For many nonprofits, volunteers play an essential part in carrying out the organization's mission. But for a lot of these organizations, taking a critical look at their volunteer management strategy (if they even have one) is the last thing on a very long to-do list. Organizations tend to run their volunteer programs the way they always have, rather than trying to improve them. These top five best practices for volunteer management will help update and enhance your volunteer program.
Create Job Descriptions
Do your volunteers know exactly what you want them to do? Do they know what qualifies them to be a volunteer? Do they know who to go to with problems or questions?

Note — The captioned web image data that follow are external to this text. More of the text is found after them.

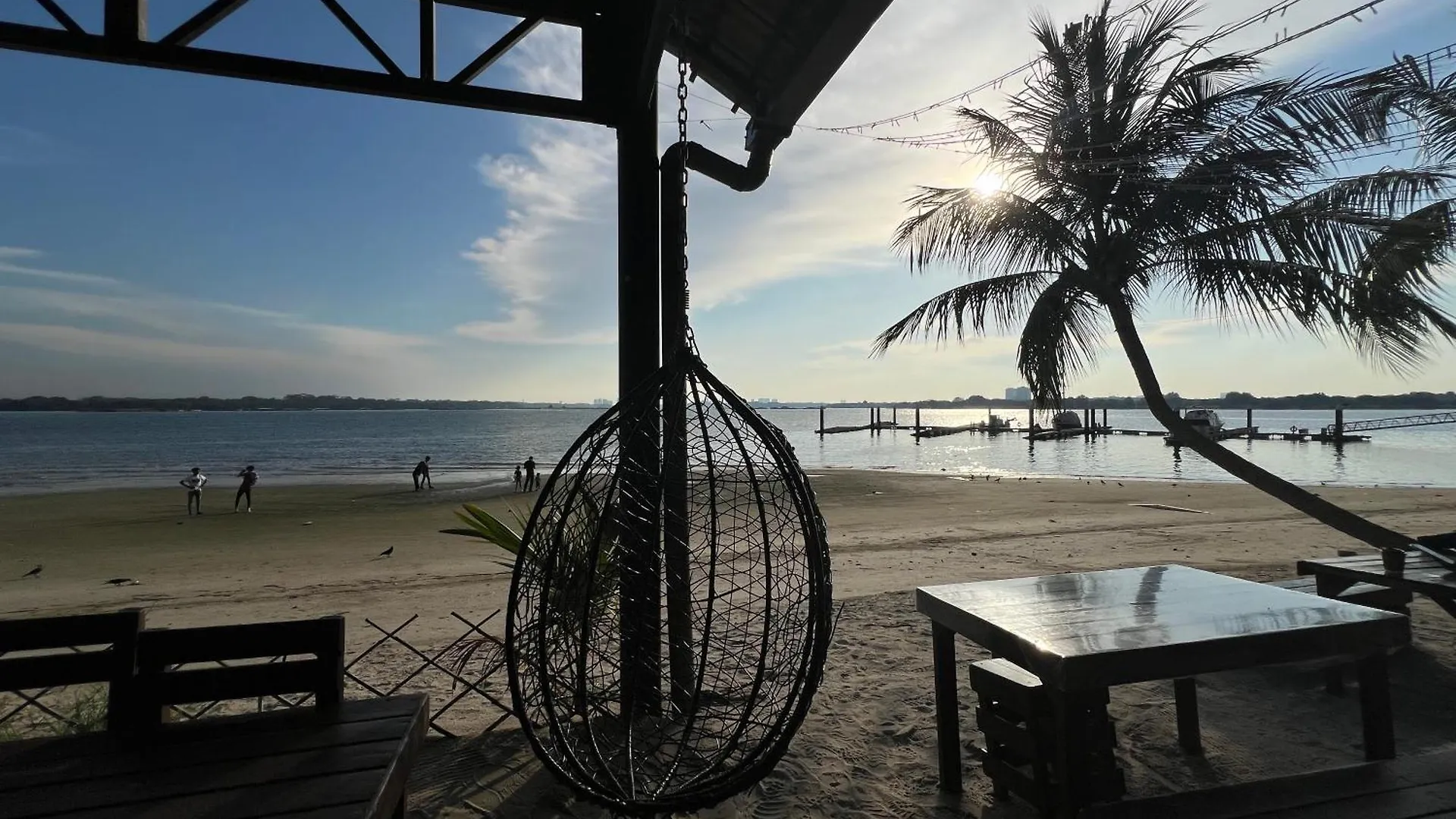 Dangabay Seaview 2R2B 4-6Pax With Balcony Apartment Johor Bahru 0*,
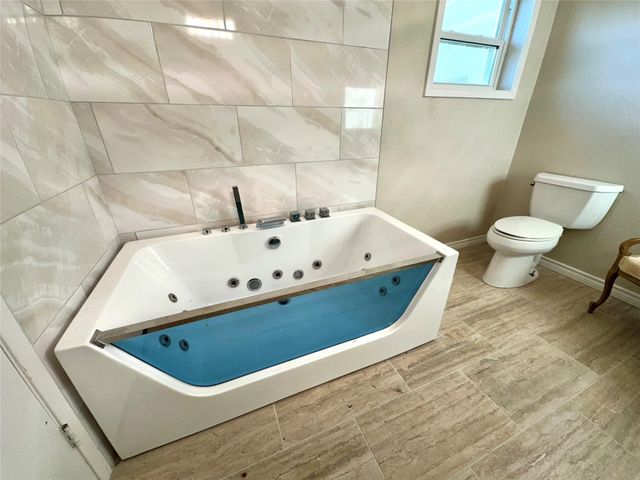 110 Vanshire Road W, Lakeside, TX 76108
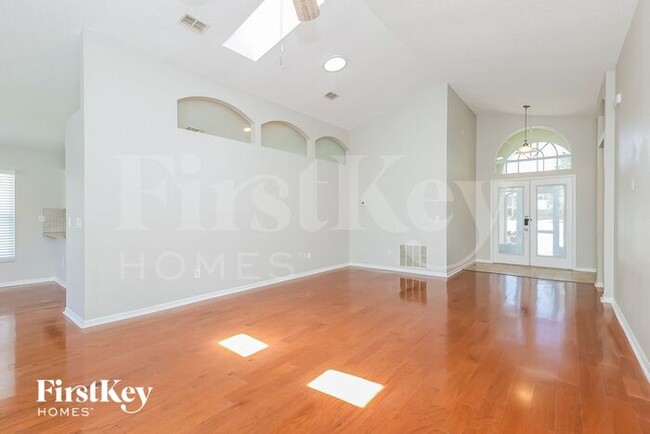 Foto del edificio - 2251 Mallory Cir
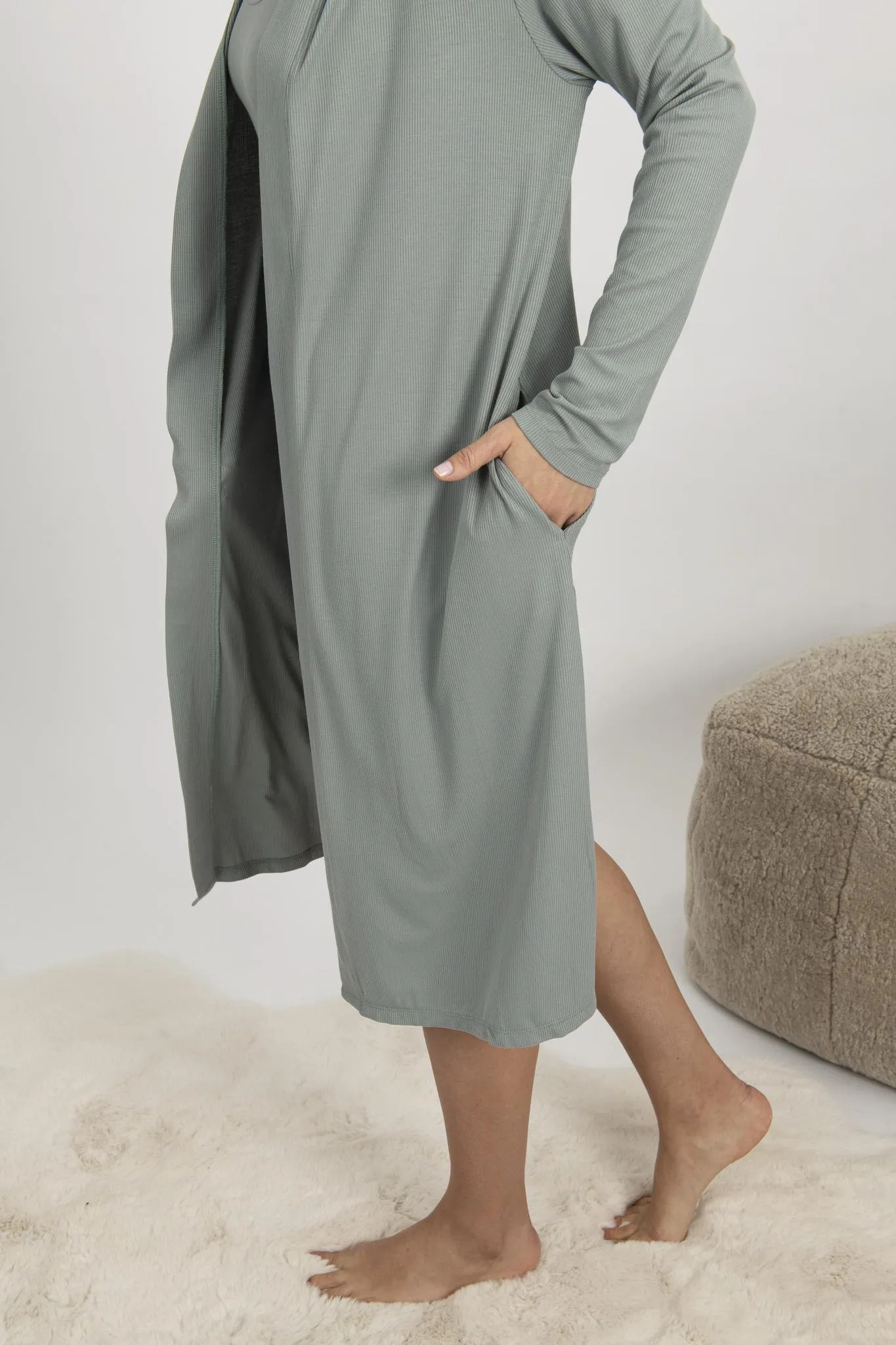 Ribbed cardigan in olive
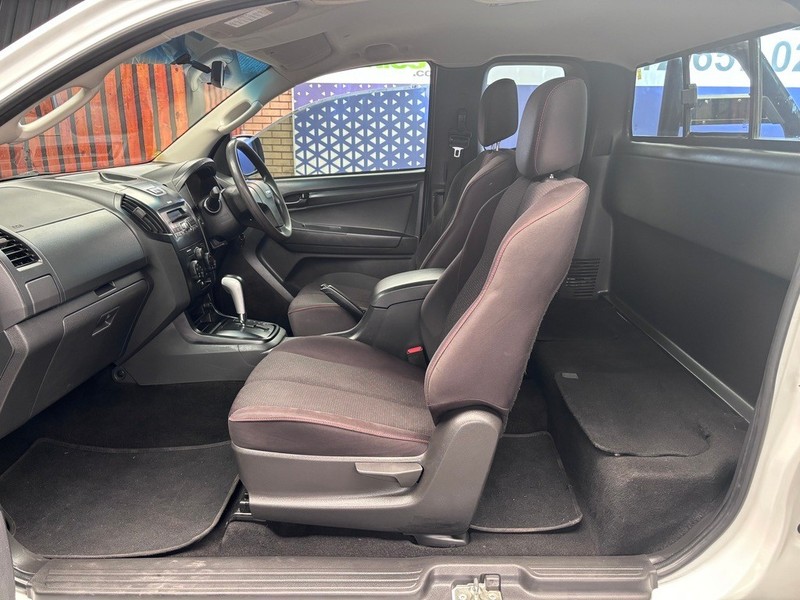 Isuzu D-Max - We Buy Bakkies - Image 17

Your volunteers deserve a title and a job description that answers these questions, just like anyone else at your organization. A volunteer's job description should include:
- What the volunteer job entails, including how many hours and how frequently you want their help.
- What qualifies them to be a volunteer
- Who they report to
- How the work they do contributes to the organization's objectives and goals
- What they will get out of the experience
Getting specific about the above items will not only clarify things for your current volunteers, but it will help you recruit new volunteers as well.
To learn more about volunteer role descriptions check out -Recruiting Volunteers: How to Match the Right Volunteer to the Right Role
Value Your Volunteers
You know that everyone in your organization appreciates your volunteers, but do your volunteers know that? Sending a mass "thank you" email after a volunteer event is nice, but it's not enough. Volunteers want to know that they are known—so any chance you have to thank them personally, take it. Tracking volunteer hours through your volunteer manage solution provides you insight on who your top performing volunteers are. Helping you recognize them for all their efforts.
Do you give volunteer awards? Do you celebrate National Volunteer Week? Do staff members in other programs know your volunteers? Consider making your showings of thankfulness more personal, more meaningful, and more frequent.
It can be intimidating to show up as a new volunteer at a project site. No one knows you, and you aren't totally sure how to go about the work at hand. Organizations can alleviate this uncomfortable first experience by creating an orientation for new volunteers.
The orientation should cover an introduction to the organization, rules and expectations, and exactly how to do each job. Key staff members who are involved with volunteers should be present at the meeting to introduce themselves and meet the new recruits.
Define Goals and Measure Success
Your volunteer program is just like any other program in your organization in that it needs clear goals and ways of measuring success. Frequently measuring success will help your organization communicate the impact of your volunteers and fine-tune your volunteer program for success. Things to cover in your goals might include volunteer satisfaction, volunteer attendance, volunteer recruitment, the dollar value of volunteer work, etc.
Create a Budget
Just because your volunteers are working for free, doesn't mean that your volunteer program is free for your organization. There are expenses related to running a volunteer program, and these should be written out as line items in a budget. Here are some typical line items for a volunteer program:
- Recruitment materials
- Training materials
- Background checks (if necessary)
- Project materials
- Volunteer recognition
- Staff time dedicated to volunteer program
- Supporting volunteers (food, travel, reimbursements, etc.)
Volunteers want to know that their work is contributing to your organization's mission. They want to feel known, appreciated, and informed, and they want to have a good experience. Implementing these five best practices will help ensure that your volunteers are more plugged, more encouraged, more motivated, and more productive.